The entries below hold a line with "Affittacamere Smile Accomodation" and a line with "Avenue Teal and Navy Patterned Blouse". Return those lines and all that lie between them, exactly and only.

[Short web captions]
────
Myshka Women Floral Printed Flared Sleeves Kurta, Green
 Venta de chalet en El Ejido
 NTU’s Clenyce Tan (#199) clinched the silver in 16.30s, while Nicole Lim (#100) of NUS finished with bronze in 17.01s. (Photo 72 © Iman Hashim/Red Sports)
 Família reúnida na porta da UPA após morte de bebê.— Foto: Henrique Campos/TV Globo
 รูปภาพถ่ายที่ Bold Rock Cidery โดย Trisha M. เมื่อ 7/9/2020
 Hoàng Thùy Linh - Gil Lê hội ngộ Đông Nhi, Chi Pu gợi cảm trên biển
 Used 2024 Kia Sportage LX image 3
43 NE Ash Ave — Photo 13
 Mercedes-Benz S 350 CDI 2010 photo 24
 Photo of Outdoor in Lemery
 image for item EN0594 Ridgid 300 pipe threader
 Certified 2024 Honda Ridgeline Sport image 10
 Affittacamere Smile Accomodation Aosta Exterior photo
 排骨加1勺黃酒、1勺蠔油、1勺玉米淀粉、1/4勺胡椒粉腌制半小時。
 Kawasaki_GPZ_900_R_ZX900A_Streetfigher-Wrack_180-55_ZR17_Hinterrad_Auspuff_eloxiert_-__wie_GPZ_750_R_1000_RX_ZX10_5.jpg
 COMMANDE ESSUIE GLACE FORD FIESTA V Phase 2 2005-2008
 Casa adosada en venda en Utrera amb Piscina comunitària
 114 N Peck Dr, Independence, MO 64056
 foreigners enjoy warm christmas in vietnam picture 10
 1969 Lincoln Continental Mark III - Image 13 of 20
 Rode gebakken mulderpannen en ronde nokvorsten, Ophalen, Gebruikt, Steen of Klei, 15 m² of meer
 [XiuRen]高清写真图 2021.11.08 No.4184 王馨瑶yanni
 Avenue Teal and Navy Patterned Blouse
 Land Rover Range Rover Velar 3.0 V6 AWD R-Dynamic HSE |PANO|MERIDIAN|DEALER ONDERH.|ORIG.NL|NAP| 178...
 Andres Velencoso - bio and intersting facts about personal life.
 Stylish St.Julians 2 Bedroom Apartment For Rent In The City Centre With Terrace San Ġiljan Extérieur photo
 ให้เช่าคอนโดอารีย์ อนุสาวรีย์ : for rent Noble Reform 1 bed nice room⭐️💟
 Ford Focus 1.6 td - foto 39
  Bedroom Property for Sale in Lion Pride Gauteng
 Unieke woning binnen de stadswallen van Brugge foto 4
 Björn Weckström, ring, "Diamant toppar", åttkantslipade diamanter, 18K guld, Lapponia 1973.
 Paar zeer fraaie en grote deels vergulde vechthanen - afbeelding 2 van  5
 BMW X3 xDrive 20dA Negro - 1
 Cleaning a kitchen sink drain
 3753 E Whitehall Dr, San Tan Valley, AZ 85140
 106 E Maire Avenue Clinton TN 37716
────
## Solution to this problem:
 Affittacamere Smile Accomodation Aosta Exterior photo
 排骨加1勺黃酒、1勺蠔油、1勺玉米淀粉、1/4勺胡椒粉腌制半小時。
 Kawasaki_GPZ_900_R_ZX900A_Streetfigher-Wrack_180-55_ZR17_Hinterrad_Auspuff_eloxiert_-__wie_GPZ_750_R_1000_RX_ZX10_5.jpg
 COMMANDE ESSUIE GLACE FORD FIESTA V Phase 2 2005-2008
 Casa adosada en venda en Utrera amb Piscina comunitària
 114 N Peck Dr, Independence, MO 64056
 foreigners enjoy warm christmas in vietnam picture 10
 1969 Lincoln Continental Mark III - Image 13 of 20
 Rode gebakken mulderpannen en ronde nokvorsten, Ophalen, Gebruikt, Steen of Klei, 15 m² of meer
 [XiuRen]高清写真图 2021.11.08 No.4184 王馨瑶yanni
 Avenue Teal and Navy Patterned Blouse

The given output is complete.